Is 60:1-6
Ps 72:1-2, 7-8, 10-11, 12-13
Eph 3:2-3a, 5-6
Mt 2:1-12

This Sunday we celebrate Epiphany, a word which literally means “manifestation.” On this day, we celebrate the manifestation of Jesus as the incarnate God as well as the manifestation of Jesus to the Gentiles. Our readings during the Christmas octave up to now have focused on Jewish characters–Jesus, John the Baptist, Anna and Simeon, Mary and Joseph. This Sunday, we have the Magi.

We don’t know much about the Magi. Matthew’s gospel is the only one which tells their story. Tradition names them Melchior, Caspar, and Balthazar, all scholars from the east. Some contemporary scholars think they were Zoroastrian priests and astrologers. What we know with certainty is that the Magi were not Jewish.

The appearance of the Magi is jarring in the story of Jesus’ coming. During Advent, we participated in the longing and waiting of the nation Israel for the Messiah, the one who would redeem God’s people. And our first reading this Sunday reminds us that our longing has been fulfilled: “Rise up in splendor, Jerusalem! Your light has come, the glory of the Lord shines upon you.” But the appearance of the Magi reveals that this Messiah comes not only for God’s people . . . or rather, that God’s people is no longer limited to the Jews. Jew and Gentile find the fulfillment of their expectations and longings in this tiny baby.

There are many moral lessons to be learned from our solemnity this Sunday, but the one that strikes me as Christmas comes to an end is the lesson of inclusion. How Mary must have marveled that these pagans would come to adore her son. How hard it must have been for the Jews to recognize the Gentiles as their brothers and sisters in Christ. They were God’s people. For centuries they had worshipped the true God while the nations turned to idols. How it must have stung to hear in the Letter to the Ephesians that “the Gentiles are coheirs, members of the same body, and copartners in the promise in Christ Jesus through the gospel.”

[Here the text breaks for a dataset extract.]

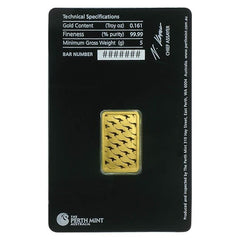 5 GRAM GOLD PERTH BAR .9999% GENUINE GOLD
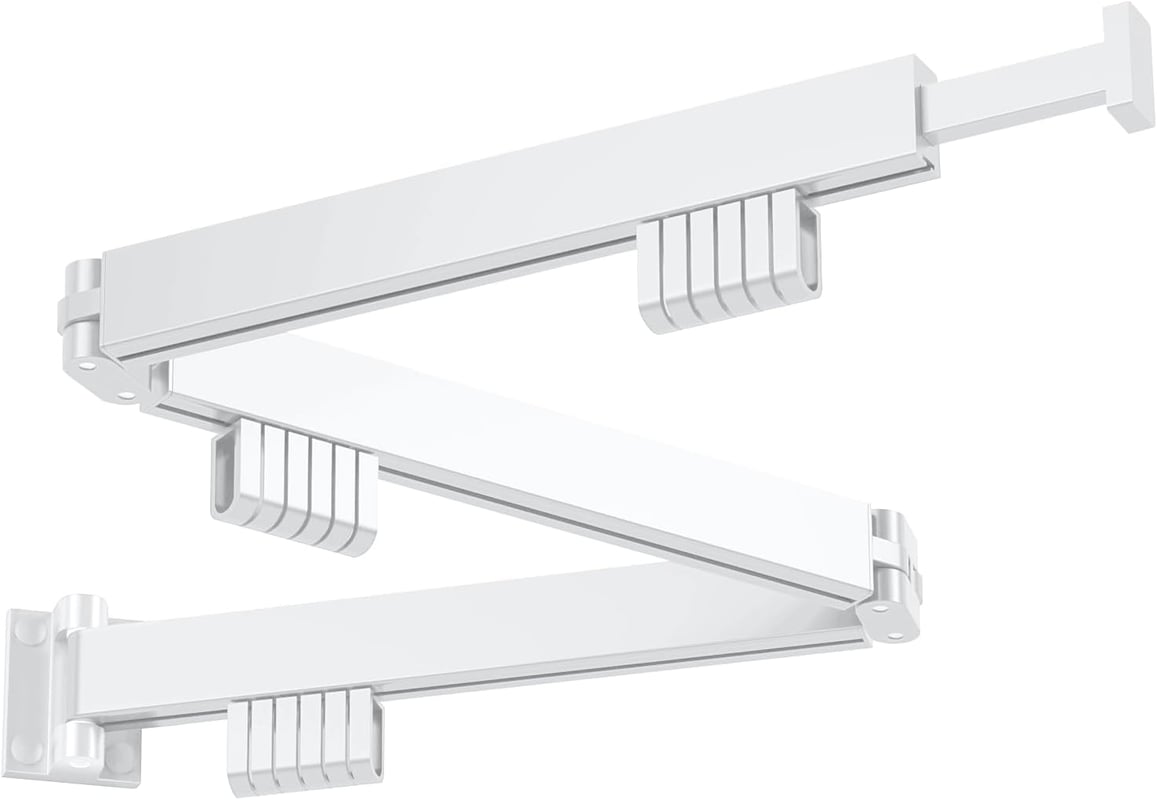 Suszarka do ubrań montowana na ścianie, obracająca się o 360° (biała, trzywarstwowa)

All of us love to draw lines. The reading from Ephesians reveals that the neatest line that could be drawn–that between Jew and Gentile–was no longer a line to be drawn in Christ. All of the sudden, Jews and Gentiles were at the same table, drinking of the same cup, eating of the same loaf, and worshipping the same Lord. But we today also like to draw lines. We talk a lot on this blog about the line between liberal and conservative or the piety/social justice line. But there are other lines that divide and exclude: the line between us reading this blog and the poor who are scraping out a living, who might be working too many part time jobs this Sunday to make it to mass; the line between the intellectually sophisticated and the theologically naive; the line between those who are “good” Christians and Catholics and those who aren’t really Christian and Catholic at all.

Epiphany is a reminder that Jesus come to remove the line and reconcile those who were once opposed. Epiphany is a reminder that in Jesus, salvation is open to all. Epiphany is about inclusion. And on this great feast, we are humbly called to remember that God often chooses those on the other side of the line to manifest His Son.